Escrita por Paul Haggis (bicampeão de roteiro – levou a estatueta em 2005 por “Menina de Ouro” e em 2006 por “Crash”), o melhor longa metragem do ano passado tem, dentro e fora dos sets, vários encontrões. Dentro estão os cerca de dez personagens que se intercalam em mini-histórias cujo elo se dá pelo racismo. Estão lá o policial que abusa de sua autoridade (não somente dela), a dondoca que rejeita a empregada latina, os dois negros que assaltam a vontade. Fora das câmeras ocorreram situações curiosas. Haggis teve a idéia central de “Crash” após ter uma noite de pesadelos. Durante as filmagens, sofreu um infarto, recuperando-se tempos mais tarde. E Sandra Bullock, obcecada por trabalhar neste filme, pagou suas próprias passagens de avião até as locações das filmagens, quando quem deve fazer isso é a produção responsável. Enfim, saiu “Crash” como o dono da festa. Quase nunca concordei com a escolha dos melhores filmes. Meus gostos são diferentes. Quando a terceira parte de “O Senhor dos Anéis” levantou o troféu em 2003, torcia para “Encontros e Desencontros”. Queria que “Moulin Rouge” ficasse em primeiro em 2001, mas “Uma Mente Brilhante” terminou na dianteira. “O Informante” no lugar de “Beleza Americana” em 1999. E por aí vai. Continua sendo.
“Boa Noite e Boa Sorte”, era, disparado, o “meu” melhor. George Clooney contribuiu com sua direção impecável. David Strathairn como Edward Murrow está primoroso. Todo o clima noir da fita envolve o público de maneira eficaz. Rodado em preto-e-branco, traz a fumaça dos cigarros para a tela do cinema em uma época em que comunismo significava interrogatórios instigantes, provocantes e constrangedores. A “caça as bruxas” tinha como piloto sobre a vassoura o senador McCarthy, de olho em quem se vestisse de vermelho e saísse nas ruas.
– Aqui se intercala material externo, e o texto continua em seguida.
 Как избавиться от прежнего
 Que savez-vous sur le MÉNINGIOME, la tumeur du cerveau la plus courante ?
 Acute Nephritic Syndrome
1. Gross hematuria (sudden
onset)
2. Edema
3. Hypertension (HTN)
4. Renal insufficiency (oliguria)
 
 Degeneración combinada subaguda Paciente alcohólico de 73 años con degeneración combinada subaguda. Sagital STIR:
Com imagens de arquivo, o longa constrói a empatia devida com os telespectadores, no caso. Com 93 minutos de duração, não há comparações a fazer. Clooney, que também compõe o elenco (interpreta Fred Friendly, espécie de braço direito de Murrow), trata “Boa Noite e Boa Sorte” como o brinquedo que acabou de ganhar no Natal. O esmero com que conduz a trama, com todos os requintes e detalhes, merecia ter levado uma estatueta. Nem precisava ser a do filme. Mas umazinha deveria. Pelo menos. Serviria para registrar o esforço, por exemplo, de Ray Wise, fabuloso como âncora de telejornal voltado para variedades e celebridades, Don Hollenback. Todos têm suas preferências. Mas nem sempre elas prevalecem. Não foi desta vez.
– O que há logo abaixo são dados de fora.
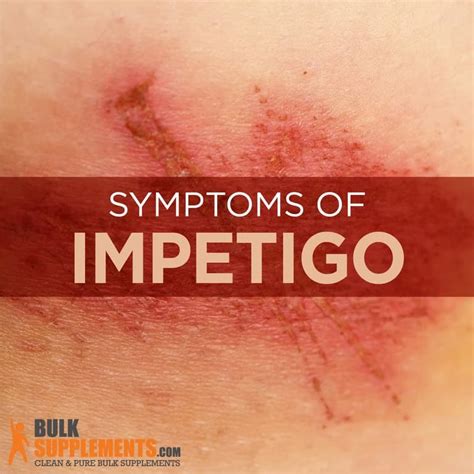 Impetigo: Symptoms, Causes & Treatment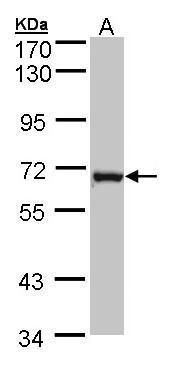 DENND1B Rabbit Polyclonal Antibody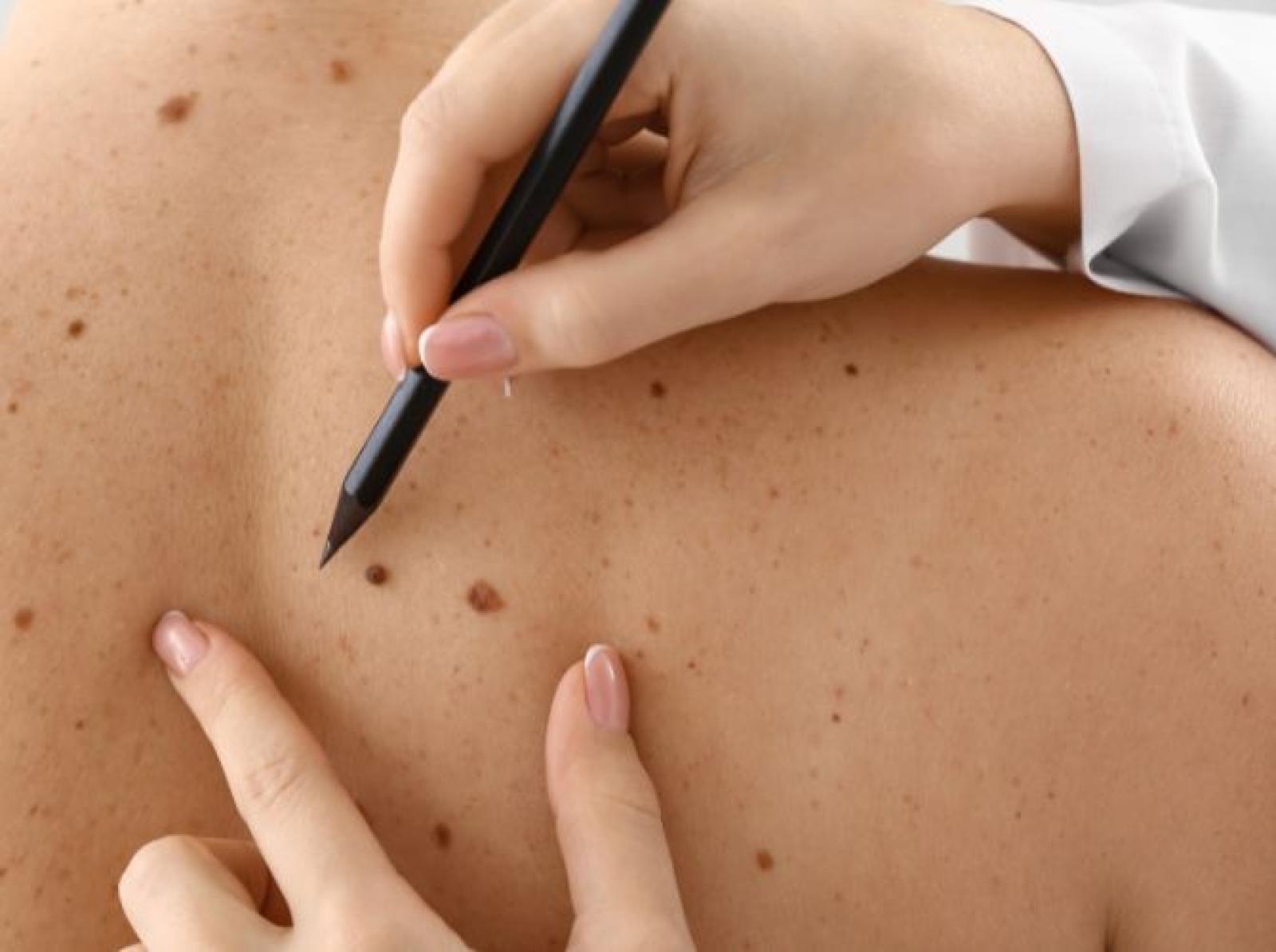 Comprehensive Skin Health Care at The Madison Medical Practice Hornsby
Abro agora um parêntese para escrever sobre “Ponto Final”. Não discutirei aqui se mereceu ou não pegar o prêmio de roteiro original. O que devo fazer, e farei, é concluir sobre a genialidade de Woody Allen, renascido das cinzas. Duas perguntas: o que é aquela história escabrosa e maliciosa de traço característico de Allen (questão 1) e o que é aquela mulher chamada Scarlett Johansson, de tão linda e espetacularmente sexy (questão 2)? Duas respostas numa só: vejam “Ponto Final”. Vale pela história, vale pela Scarlett. Depois de “Encontros e Desencontros” (quem diria...), ela encarna uma aspirante a atriz, mas sem o menor talento. Seus atributos estão nos cabelos delicadamente loiros, nos olhos azuis (e é melhor parar por aqui) etc. Uma “bomba”, como escreveu um jornal. No roteiro, um ex-jogador de tênis apaixona-se pela namorada de um de seus alunos. A namorada é Scarlett, com o nome de Nola. Que atraente. Até o nome. Mas é claro que o filme se sustenta além dela. Parêntese fechado. E ponto final.